Whitepapers have become a successful component of content marketing as a way to offer in-depth content to prospects in return for their contact information. Most companies use whitepapers as marketing tools to generate leads or build their mailing list. As part of the beginning of a sales funnel, a whitepaper gives your prospect a return for providing you with their contact information. You can then follow up with them to move them further down the funnel. It is important to include information in your whitepaper that is detailed and informative, content that your prospect cannot find readily on your website. This detailed information is what makes the whitepaper valuable to the prospect, and in turn, you can begin to qualify the prospect as someone interested in buying. Here are five keys for creating successful whitepapers.
1. Resolve a Problem
The best way to frame a whitepaper is as a solution to a problem. Prospects are searching for products or services to resolve their problems, and you can give them the resolution in your whitepaper.
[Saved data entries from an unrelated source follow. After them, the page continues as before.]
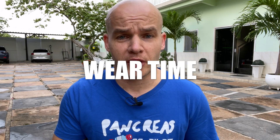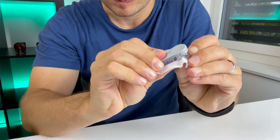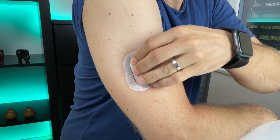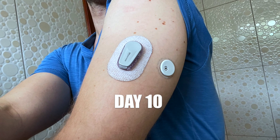Next difference is wear time — how long can you use these sensors. The official wear time of the Dexcom G6 sensor is 10 days, so after 10 days you need to change the sensor. The official lifetime of the Dexcom G6 transmitter is three months, so you don't throw out the gray piece and use it repeatedly with multiple sensors. The official wear time of Freestyle Libre 3 is 14 days, so with Freestyle Libre 3 you do a site change every two weeks. I had no issues with using these sensors for the whole period of their official lifetime. The only difference I found is that the Libre adhesive sticks a little bit better to my skin compared to Dexcom G6.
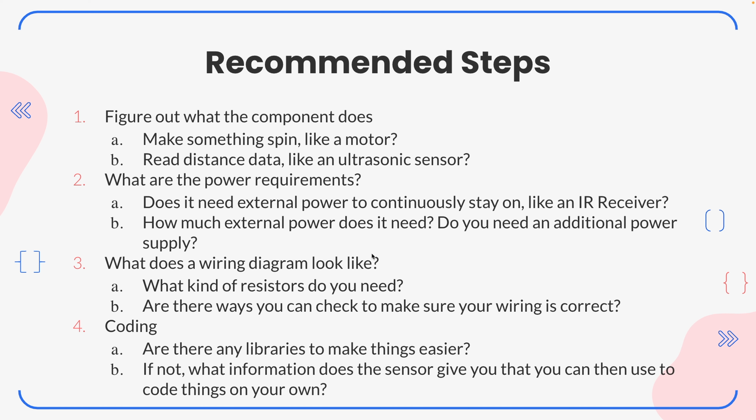So here are some recommended steps. The first one's kind of obvious: figure out what the component does, because if you don't know what it does, you shouldn't be wiring it. Ask yourself, does it make something spin, like a motor - is it an output? Does it read distance data, like an ultrasonic sensor - is it an input?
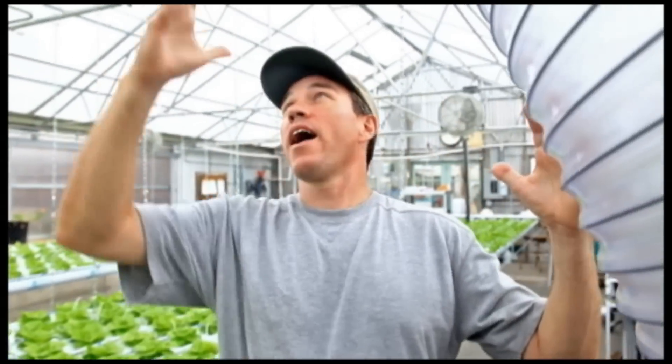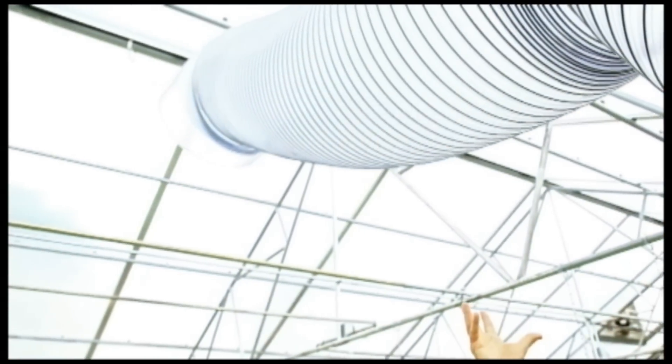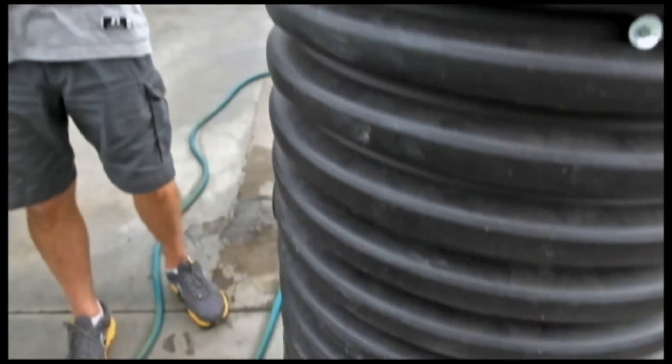Sure, so here we actually have this big tube that you can see that extends all the way up to the top of the greenhouse and then that goes down about three to four feet underground.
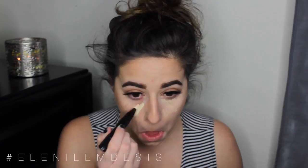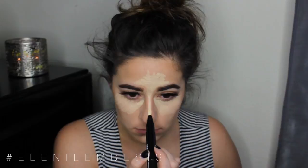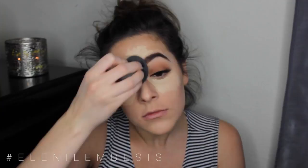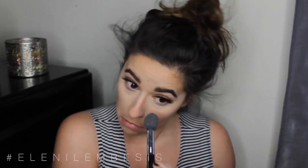Moving on to highlights. Since this is such a full coverage foundation and I don't really have dark circles, I just wanted to brighten up the face. So I'm using the MAC Prep and Prime Stick in Light Boost underneath my eyes, in the inner corners, in between my brows, down the bridge of my nose, above the cupid's bow, and on the chin, then blending that all out with a damp beauty blender. I highlight those areas to help even out the under-eye highlight so the rest of my face doesn't look dark. To set all of that highlight, I'm mixing the Anastasia Beverly Hills Banana Powder and the MAC Pro Powder in Emphasize.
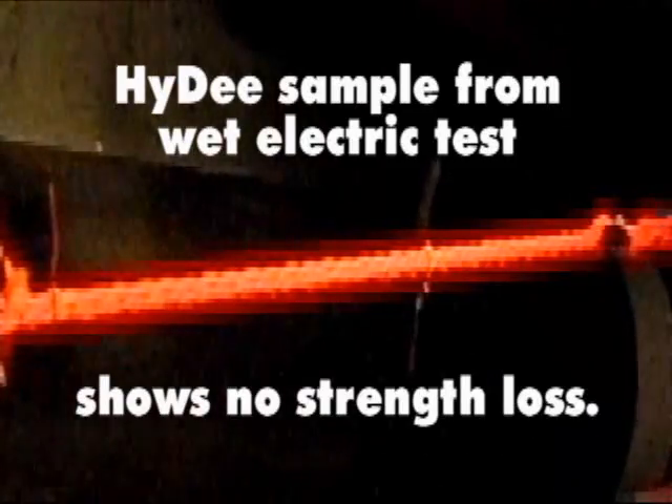At the conclusion of the test, the High-D was tested to destruction on our brake testing machine and retained its original strength.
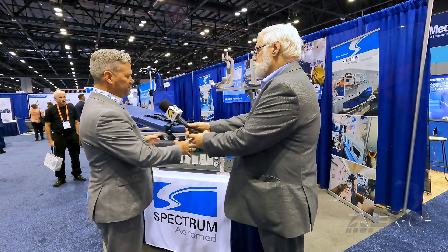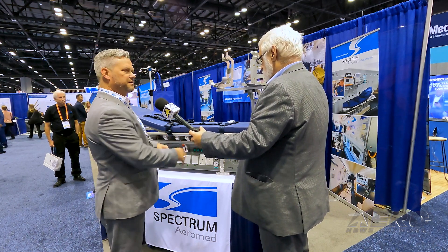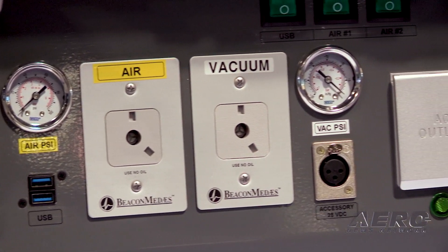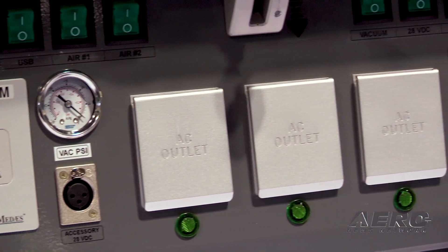The modular system itself is all-inclusive in what it holds. Within this base system you have a 3,500-liter oxygen tank, you have two air compressors, you have a vacuum compressor, and then you have an inverter or a converter depending on what part of the world we're going to. All of that is held within this module base.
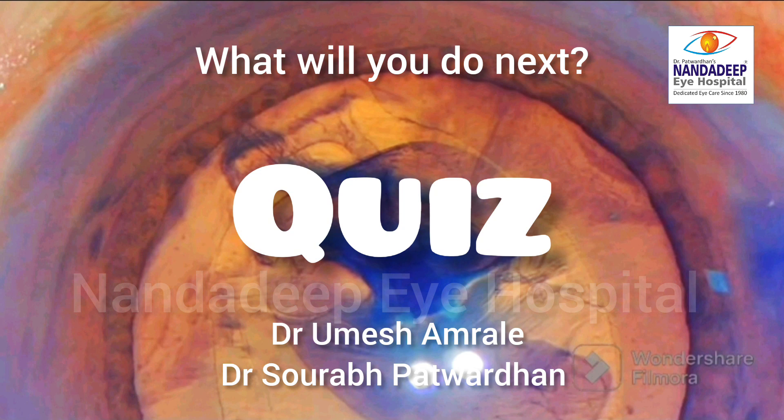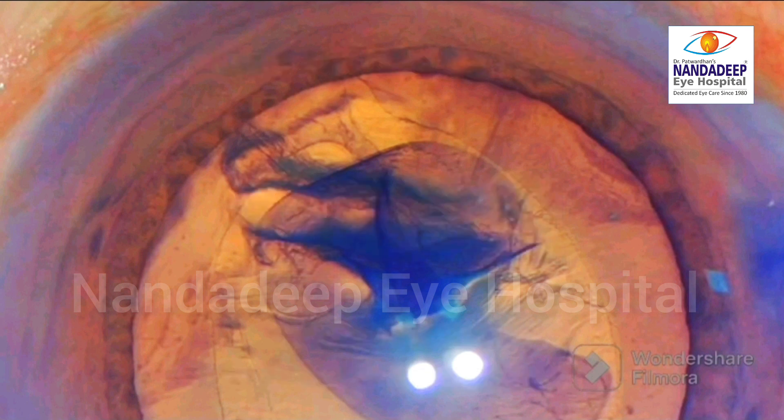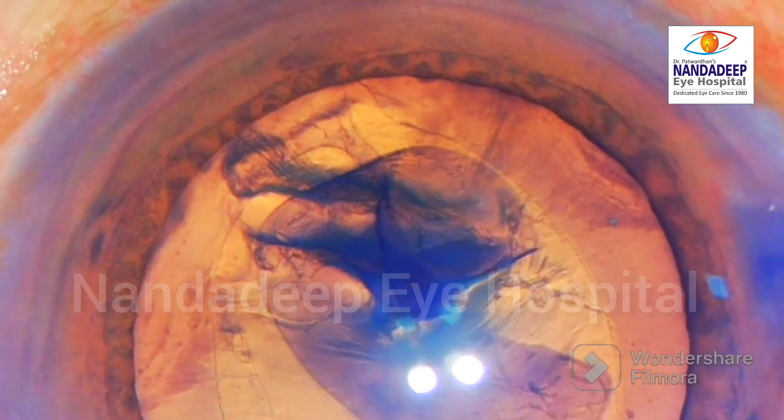In the previous video, I asked you a quiz: how will you proceed with this radial tear as you can see?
A whitepaper should not be a commercial for your products. Instead, it should be a well-researched and thorough discussion based on facts and evidence with linked references to your sources.
2. Follow Industry Standards
Whitepapers are different from newsletters and blog posts. They should be a minimum of three pages filled with facts, charts, references and information. You can link to your blog posts on this topic or related topics, but you should go beyond what you say there. Otherwise, you are not giving the prospect anything new. Whitepapers on generally presented in PDF format that prospects can download from your site or landing page. They should be professionally written and edited, and a graphic designer should create the layout for an impressive presentation.
3. Give Away a Secret
Your whitepaper is part of the process of establishing a relationship with your prospect, and therefore you are working to gain their trust. By including an industry secret or two in your whitepaper, you are beginning to build that trust relationship. You may feel that you are being cheated out of income by giving away trade secrets, but you will get a better ROI by offering a real value to your prospect.
4. Avoid Promotional Language
A whitepaper is not a product or service pitch. While you can certainly mention a product or service, the focus should be on how to solve the prospect's problem. It is not the place to tell your prospect why they should buy from you or how great your product is.
5. Be Authoritative
One of the compelling reasons that people read whitepapers is that they gain knowledge from an expert in a topic they are interested in. Therefore, providing a so-so whitepaper is not going to give you the response you want. You need to create an authoritative whitepaper that answers all of the questions that a prospect might have on a topic. If you are not the authority on these answers, then interview or collaborate with someone else who is. Once your prospect has reviewed the whitepaper, you can find out what further questions they have to move them further down the funnel.